Actually, let me correct that real quick. Smite can come from librarians, but the specific Smite books that spawn in the world are rarer than you'd hope. Fishing for enchanted books is notoriously grindy, and unless you're already fishing for other reasons (like mending books), it's not worth it. Just go straight to the villager method.
Niche Uses and Weird Interactions
Witches are technically undead in some versions but not in others. This inconsistency has driven more than a few players to forum posts. The Warden isn't undead, so Smite is useless in deep dark biomes. But the drowned? It depends on how that particular server or world handles their classification.

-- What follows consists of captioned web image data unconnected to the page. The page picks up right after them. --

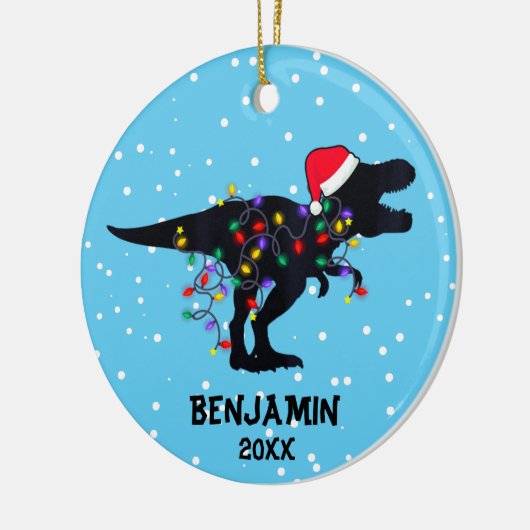 Gepersonaliseerde Dinosaurus Kerstmis Jongens Kers Keramisch Ornament (Links)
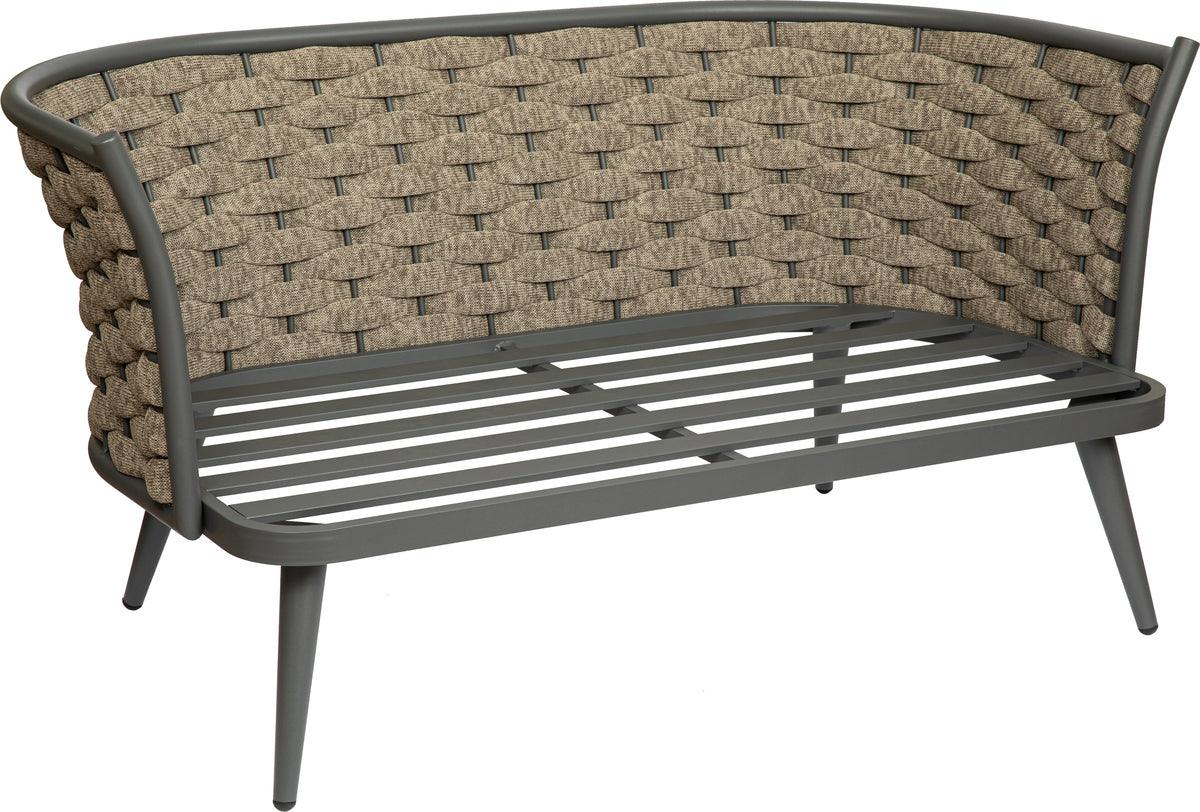 Euro Style Loveseats - Solna Loveseat in Taupe Fabric with Gray Frame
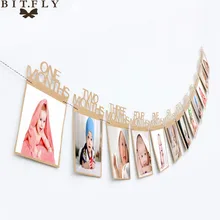 1-12 месяцев детская фоторамка день рождения ежемесячный баннер гирлянды держатель настенный веревочный папка детский подарок комната украшения для дома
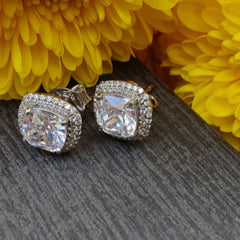 Cushion Cut Moissanite Stud Earrings in 925 Sterling Silver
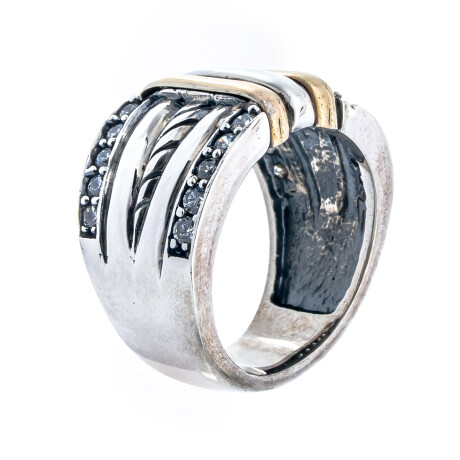 Anillo de plata y double de oro 18 ktes y circonias Anillo de plata y double de oro 18 ktes y circonias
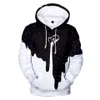 Leite Space Galaxy 3D Impresso Hoodies de Manga Longa Hoodie Moletom Mulheres / Homens Branco Tinta Forme Casaco Engraçado Casaco Roupa de Marca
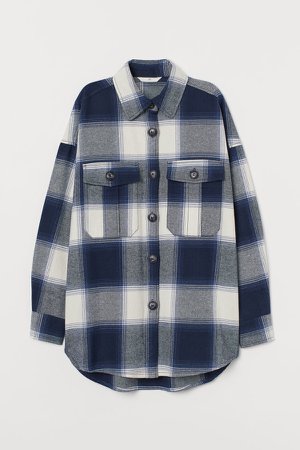 Cotton Flannel Shirt - Blue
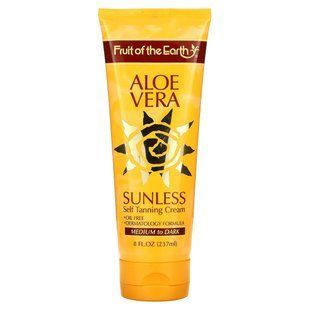 Fruit of the Earth, Aloe Vera Sunless Self Tanning Cream, Medium to Dark, 8 fl oz (237 ml) купить в Киеве и Украине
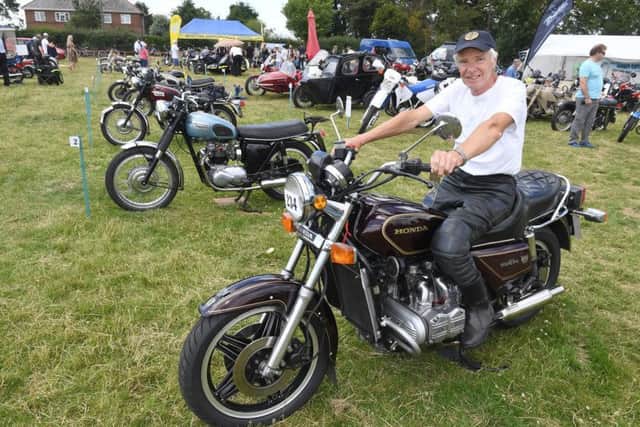 Swaton Vintage Day and World Egg Throwing Championships. Geoff Ruffell of Leasingham with his 1980 Honda Goldwing. EMN-190107-115208001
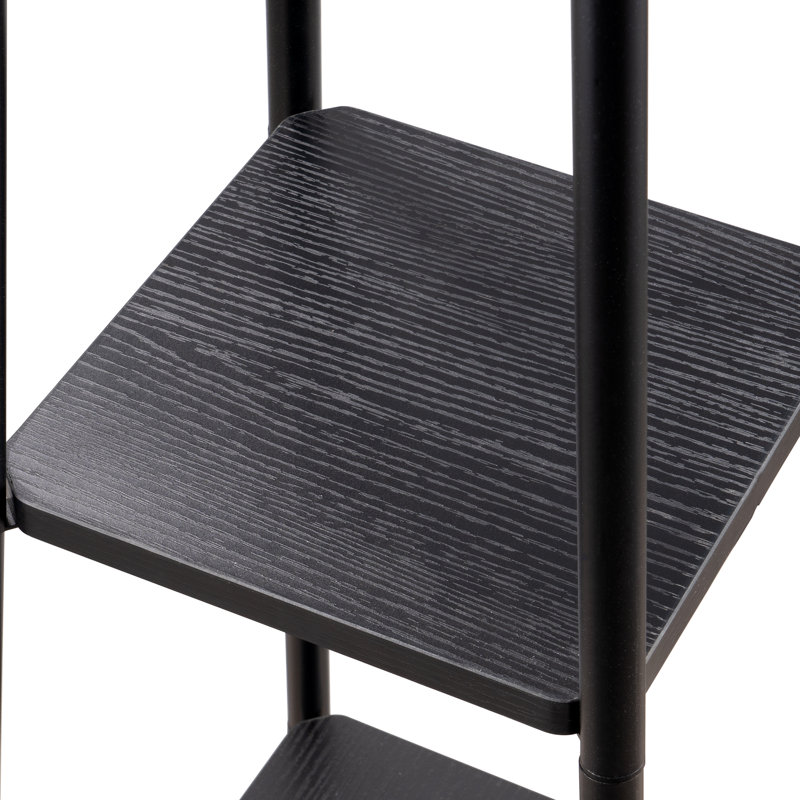 Mier 65" Tray Table Floor Lamp, Ebony/Black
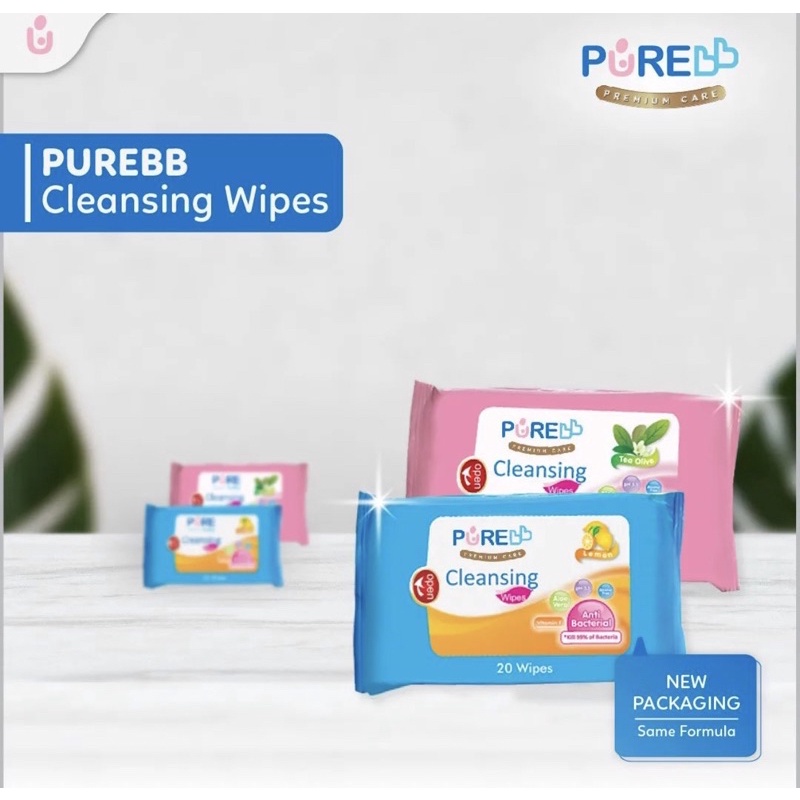 Purebb Cleansing Wipes  60s - tisu basah bayi/baby wipes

If you're playing on a heavily modded server or using datapacks that redefine mob types, Smite might work differently than you expect. The core game is pretty straightforward, but mods like Better Combat or custom enchantment plugins change the rules entirely. Check your server's documentation before investing in Smite V gear.
Some hardcore players skip Smite entirely and just use Sharpness V on everything. They're not wrong from a purely optimized standpoint. But you'll find dedicated grinders using Smite-specialized loadouts, especially those rocking custom skins like whateverdaniela's, Turbowhat1's, and What's skins on servers with themed combat gear setups. These players aren't optimizing for raw DPS. They're optimizing for specific scenarios, and that's a valid strategy.
The Bottom Line for Your Build
Smite is worth having if you do any serious undead farming or nether work. Keep one Smite V sword in your hotbar. Use Sharpness V for general exploration and combat. Don't overthink it. The enchantment isn't a trap or a dead-end choice, but it's also not universally better than alternatives.
Your gear should match your playstyle. If you're the type who prepares specific loadouts for different tasks, Smite belongs in your arsenal. If you like keeping things simple with one sword that does everything okay, Sharpness is your answer. Either way, you're not making a wrong choice. You're just making a different one.